Information shown>

————————

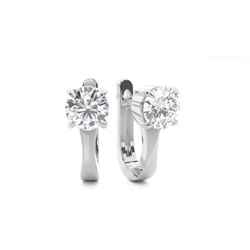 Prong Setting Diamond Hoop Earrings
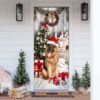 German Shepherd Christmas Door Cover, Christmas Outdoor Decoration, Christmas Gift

————————

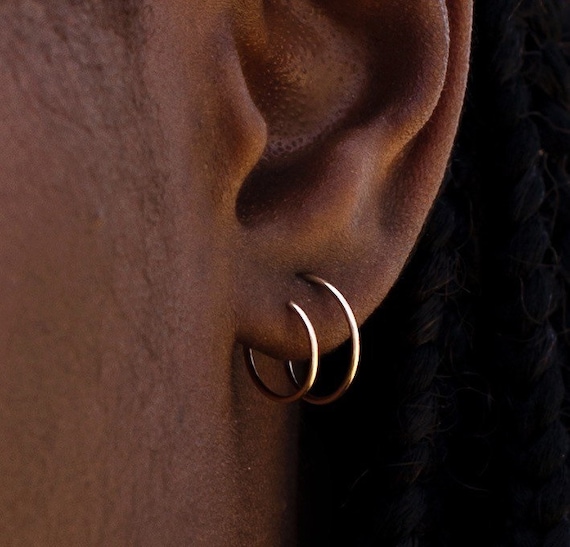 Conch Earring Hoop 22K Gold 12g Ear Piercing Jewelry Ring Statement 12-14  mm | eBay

————————

What to work on> Using the entries above, transcribe every line from the line containing "Prong Setting Diamond Hoop Earrings" through the line containing "German Shepherd Christmas". Do not copy pictures.

Task answer>
 Prong Setting Diamond Hoop Earrings
 German Shepherd Christmas Door Cover, Christmas Outdoor Decoration, Christmas Gift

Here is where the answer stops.